0

How can one write a helper method that for a given string like foo[0][1][2][3] splits it into the array's name and collection (e.g. vector) of indices? In the example above it should produce foo and 0, 1, 2, 3 respectively.

The format of a string is always like name[index_0][index_1]....[index_n]. The number of indices (n) is not known in advance. All should be numbers. For simplicity, no spaces are allowed in a string. The name of an array (name) can be arbitrary. The helper function throws in case the string is not according to the specified format.

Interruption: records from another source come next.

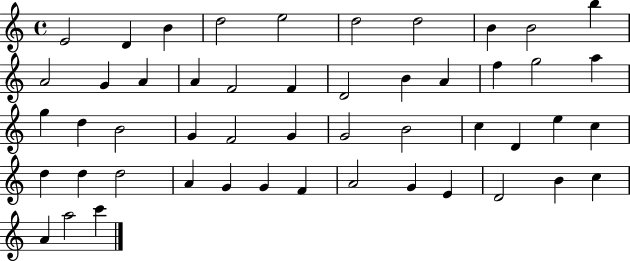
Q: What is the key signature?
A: C major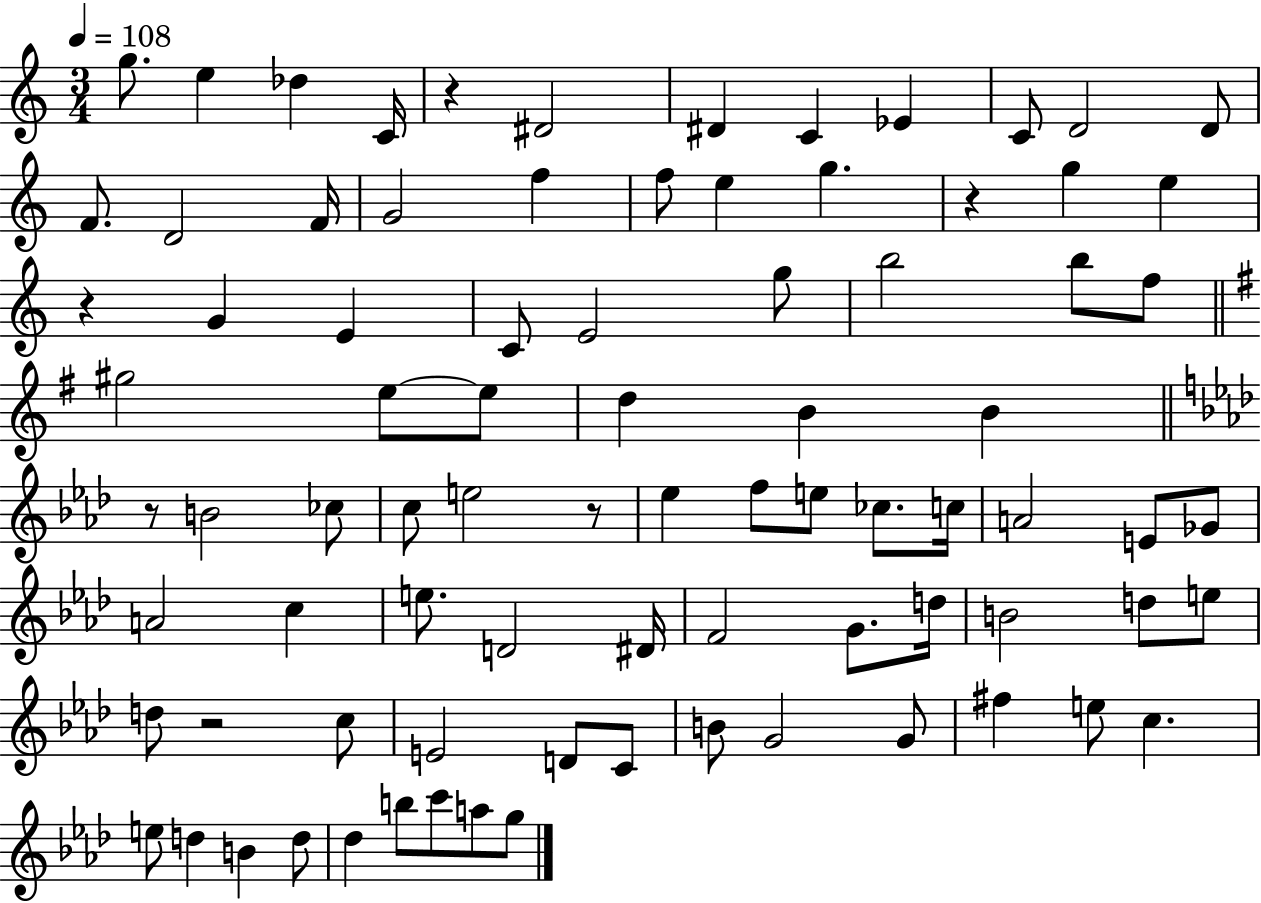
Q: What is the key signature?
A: C major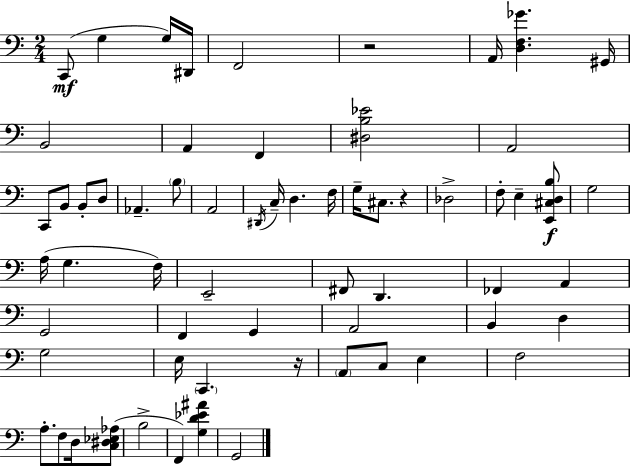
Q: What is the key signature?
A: A minor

Performance is not an issue here. I'm looking for the most elegant/short solution.

UPDATE

Well, regular expressions were suggested in the very first comment. I was new to the area and went through the hassle of getting it done in C++. Please, feel free to simplify it. In the meantime, two non-regular expressions based solutions were proposed by @MartinYork and @Frodyne. At a first glance, regular expressions didn't bring anything fascinating here. The solution does not seem to be much shorter or much more elegant in my mind.

#include <stdexcept>
#include <iostream>
#include <string>
#include <regex>
#include <tuple>

std::tuple<std::string, std::vector<int>> helper(std::string str) {
  // used to validate that the incoming string is in format
  // array[0][1][2]
  const std::regex rx_validate{
      "([[:alnum:]]+)((?:\\[[[:digit:]]+\\])+)$"};

  std::match_results<std::string::const_iterator> match_results;
  std::regex_search(str, match_results, rx_validate);

  // regex_search array[0][1][2] gives
  // match_results[0]: array[0][1][2]
  // match_results[1]: array
  // match_results[2]: [0][1][2]
  if (match_results.size() == 3) {
    std::vector<int> indices;

    // used to extract indices, it is guaranteed that
    // numbers are between brackets, no extra checks
    // needed
    const std::regex rx_index{"[0-9]+"};
    const std::string match{match_results[2]};
    auto it = std::sregex_iterator(match.begin(), match.end(), rx_index);
    for (; it != std::sregex_iterator(); ++it)
      indices.push_back(std::stoi((*it).str()));

    return std::make_tuple(match_results[1], indices);
  } else {
    throw std::invalid_argument("Invalid format (" + str + ")");
  }
}

int main() {
  const std::string str{"a[0][1][2][3][4][5]"};
  const auto tuple = helper(str);

  std::cout << "Name: " << std::get<0>(tuple) << std::endl;
  for (int index: std::get<1>(tuple))
    std::cout << index << std::endl;
}

UPDATE2

@rici suggested a modification of an algorithm that used regular expressions. It's a bit shorter and more concise.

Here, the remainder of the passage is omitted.